Get Jo walking rehabilitation fund

I am currently trying to find my feet and rebuild my life after suffering a spinal infarction (more commonly known as a spinal stroke). This has paralysed me from the waist down, leaving me entirely unable to move my legs, let alone walk, and doubly incontinent. A spinal infarction is a very rare blood clot on the spine, and it happened to me on 3 April this year while I was in King's College Hospital, having gone into A&E with a headache and backache on 4 March. As we approached our 3rd wedding anniversary, starting a family was top of our agenda, so to say that this is a bump in the road and not what we dreamed of for 2018 is an almighty understatement. But I’m not off the road yet, so I’m going to have to learn how to wheel down it as best I can, and am determined to be as happy as possible while doing so. 

The support I have received from my amazing husband, family, friends and colleagues as well as people who really don’t know me very well has been awesome, and I really couldn’t have got this far without them. I have set up this fundraising page because everyone always asks what they can do to help, plus I’m increasingly discovering how expensive all the kit and adaptations I’m going to need once I get back home are. What I’m entitled to from the government will only go so far, and a wheelchair user of many years recently told me to”allow at least £5,000 per item for anything half decent.” I will certainly need a wheelchair, showerchair, standing frame, FES bike, specialist physiotherapy and adaptations to our bathroom, kitchen and entry doors. Further to this, specialist facilities such as Project Walk in America, which as the name suggests focus on getting people walking rather than eg wheelchair skills, are also very appealing, but don’t come cheap as you might imagine. 

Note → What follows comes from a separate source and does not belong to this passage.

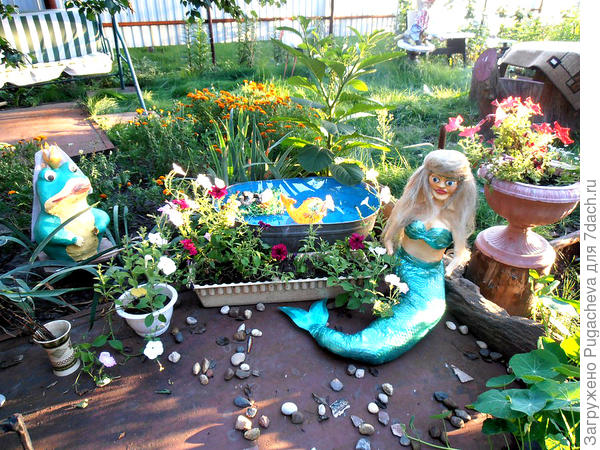 с её обитателями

This has obviously been life changing for me and those closest to me, and anything you are able to donate to help me reach my potential will be hugely appreciated.
Find out more about me and my story below if you’re interested. 

Thank you so much.
—————————————————————————————— ————————-

I’m 32, I live in London with my husband of nearly 3 years and work in PR and marketing. I did a lot of horse riding as a child and played a bit of lacrosse  at uni. More recently running home from work - Oxford Circus/Holborn to Bermondsey - and twice weekly yoga had been my fitness regime. Was I super fit? No. Could I have done more? Undoubtedly. But I was a fit and healthy young woman enjoying the first few years of married life, excited to become a mummy in the not too distant future (we were due to start IVF in July).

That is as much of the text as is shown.